## PROMPT
Without the images, repeat every line of the listing verbatim.

## STORED DATA

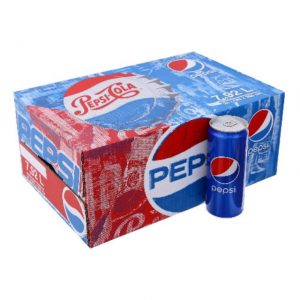Pepsi soft drink Can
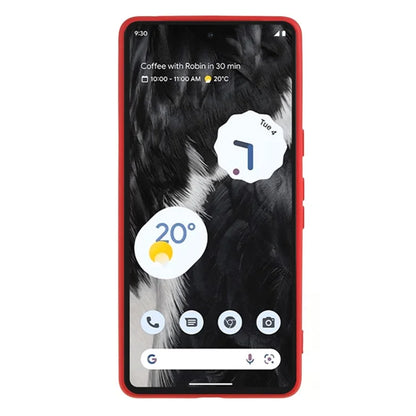 For Google Pixel 8 Case Fiber Lining Rubberized TPU Anti-scratch Phone Cover Back Shell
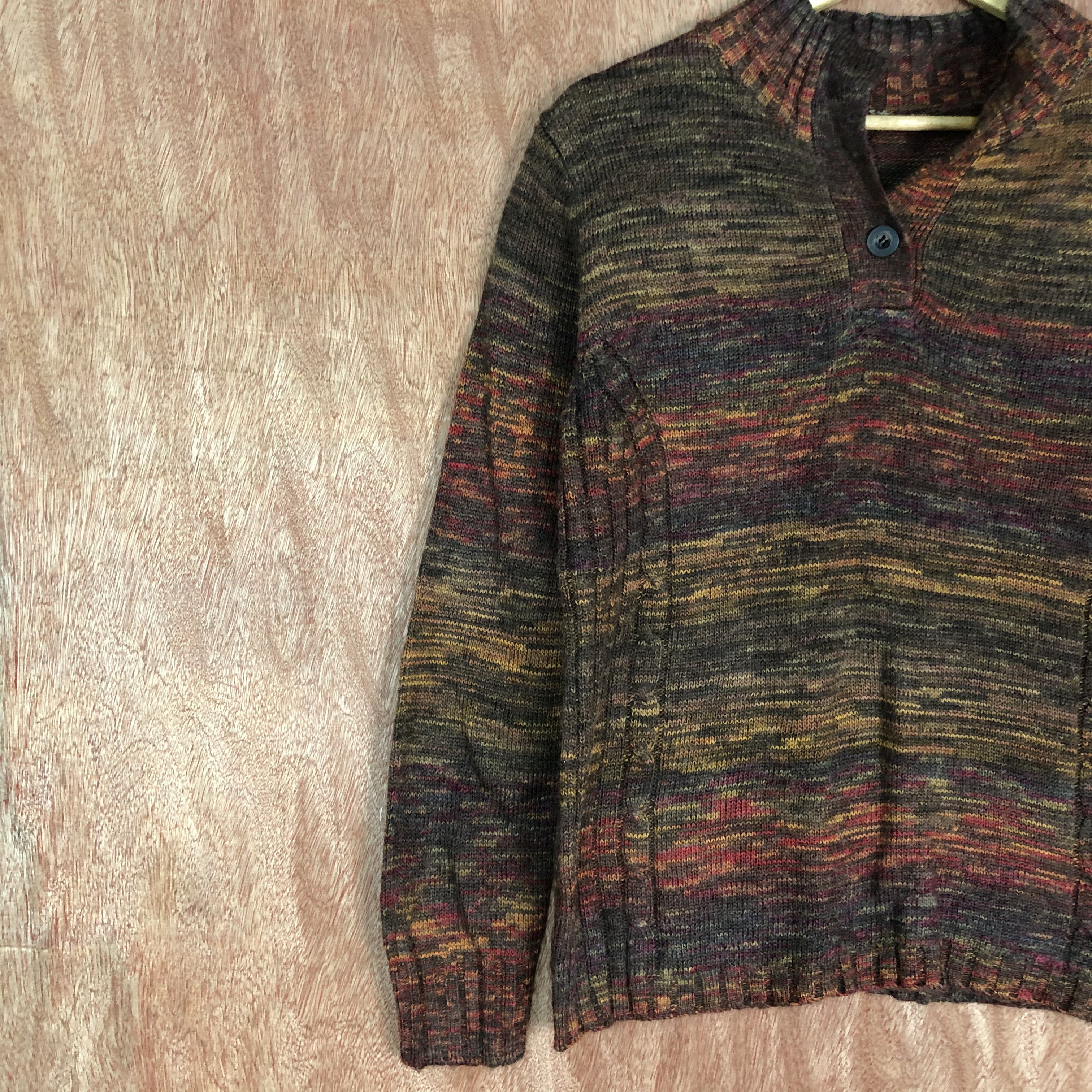 Homespun Knitwear Cest tout Brown Shag Shaggy Knitwear #c475 Size US M / EU 48-50 / 2 - 7 Thumbnail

## ANSWER BOX
Pepsi soft drink Can
 For Google Pixel 8 Case Fiber Lining Rubberized TPU Anti-scratch Phone Cover Back Shell
 Homespun Knitwear Cest tout Brown Shag Shaggy Knitwear #c475 Size US M / EU 48-50 / 2 - 7 Thumbnail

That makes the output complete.